RHYS: Absolutely. And I stand by that. They do give an enormous amount of thought to very specific spontaneous moments, and how they would react or whatever. And that just makes the playing of it more exciting, and real as well.

AX: Last season, Philip’s American wife Martha found out he’d committed a murder to keep her from being exposed to her bosses at the FBI. Were you intrigued about how Martha would react?

RHYS: I was dying to know how it would all pan out, because it’s like those ticking bombs – you keep lighting fuses at the end of certain seasons, and then you spend the summer going, “How is this going to resolve itself? Or not?”

AX: Philip and Elizabeth are often in disguises that include wigs, and in Philip’s case, fake facial hair. That may be fun to play, but it looks like it could perhaps be uncomfortable …

RHYS: Absolutely. You know what? I think, inevitably, so many shows aren’t sure what they are at the beginning, and there was an element of disguise that was in the pilot, and it sort of caught fire, and then they ran with it. I hate wearing wigs. They’re desperately uncomfortable. I don’t know if you know this, but Keri and I often swap wigs. We do, and they restyle them. Our hair department is amazing with what they do. However, if I’m wearing one of Keri’s wigs, it’s incredibly tight on my head.

AX: In the summer of 2015, THE AMERICANS won the Television Critics Association Award for Outstanding Achievement in Drama. You and Keri Russell and the creators received the award from TCA member presenters who were in full costume as Philip in disguise as Clark and Elizabeth in disguise as Clark’s sister. What was your reaction to that presentation?
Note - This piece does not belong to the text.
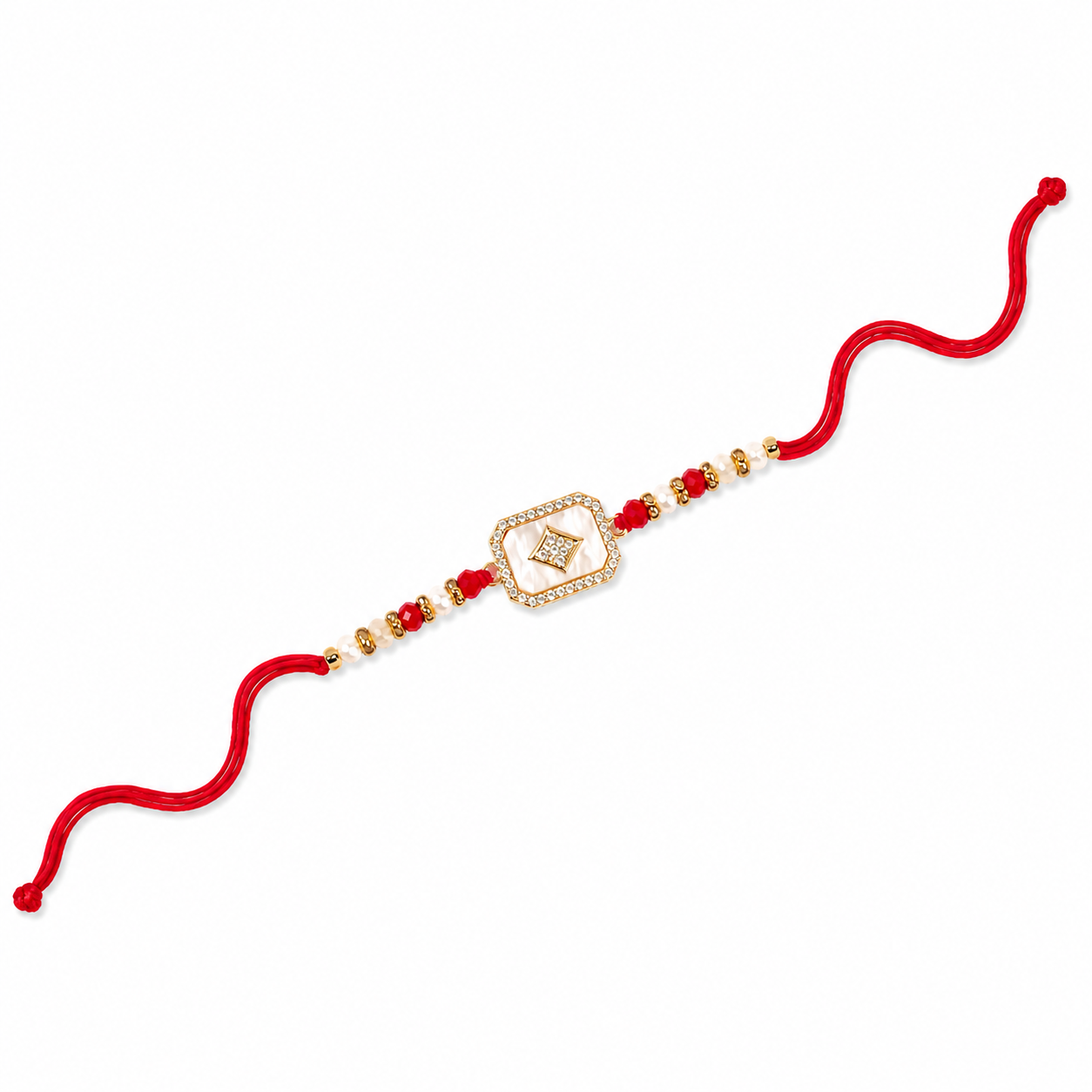 Mother-of-Pearl Rakhi with Red Beaded Accents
RHYS: I think that’s one of the greatest accolades we’ve ever received, that they would go so far as to dress up. The impact of [Elizabeth] and Clark struck home.
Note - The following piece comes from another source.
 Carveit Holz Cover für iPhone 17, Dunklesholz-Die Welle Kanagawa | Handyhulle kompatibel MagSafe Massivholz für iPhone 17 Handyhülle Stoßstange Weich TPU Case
AX: THE AMERICANS is pretty on point in its Eighties details. Were any of  the Eighties clothing or props or music a surprise to you?

RHYS: No, not really. I’m a child of the Eighties, so it’s vivid for me. And this show has been careful in staying away from the madness of the Eighties, the shoulder pads and the fingerless gloves and things that pop. They’ve kept it an understated Eighties show, which I think was wise. So we stay away from the insanity of the Eighties.

AX: Is there a pop cultural moment of the Eighties or a news moment that you hope you get to play some part in, in the show?

RHYS: I always wanted to do the dance from Dexys Midnight Runners “Come On Eileen” on this show [laughs]. But we’ve just passed that moment. I was like, “Can’t we get that?” And it was like, “No, it’s too expensive.” And I was like, “Ohh.” Because I could have put on the denim dungarees and clapped above my head.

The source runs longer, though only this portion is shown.